README.md

# DocxParse

Judith is a word docx transpiler, in that it converts from XML to HTML.  
The Docx format is just a zipped file of XML files. Judith takes those XML and outputs HTML with inline CSS to come close to looking like the original word doc. Judith is not feature complete but it should get close enough. 

## Installation

If [available in Hex](https://hex.pm/docs/publish), the package can be installed
by adding `docx_parse` to your list of dependencies in `mix.exs`:

```elixir
def deps do
  [
    {:docx_parse, "~> 0.1.0"}
  ]
end
```

Documentation can be generated with [ExDoc](https://github.com/elixir-lang/ex_doc)
and published on [HexDocs](https://hexdocs.pm).

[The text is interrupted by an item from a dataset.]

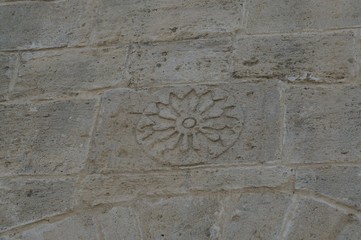 stone carving on wall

Once published, the docs can
be found at [https://hexdocs.pm/docx_parse](https://hexdocs.pm/docx_parse).

## Usage
```elixir
alias Remote.DocxParse
alias Remote.Docx.Document

DocxParse.document_to_html("./test/sample_doc.docx"),
  {:ok, "html output"}
end

```

## Reasoning
The purpose of this package is to provide the basic functionality of the Word docx format and convert it to HTML. It is important to remember that Word and HTML do not nessesary have equivilent functionalities. e.g. HTML doesn't easily support tiered lists out of the box, but it does support bold and italics.

The resulting HTML will not be perfectly semantic. When combined with inline styles and a stylesheet the result will look very close enough to the original word document.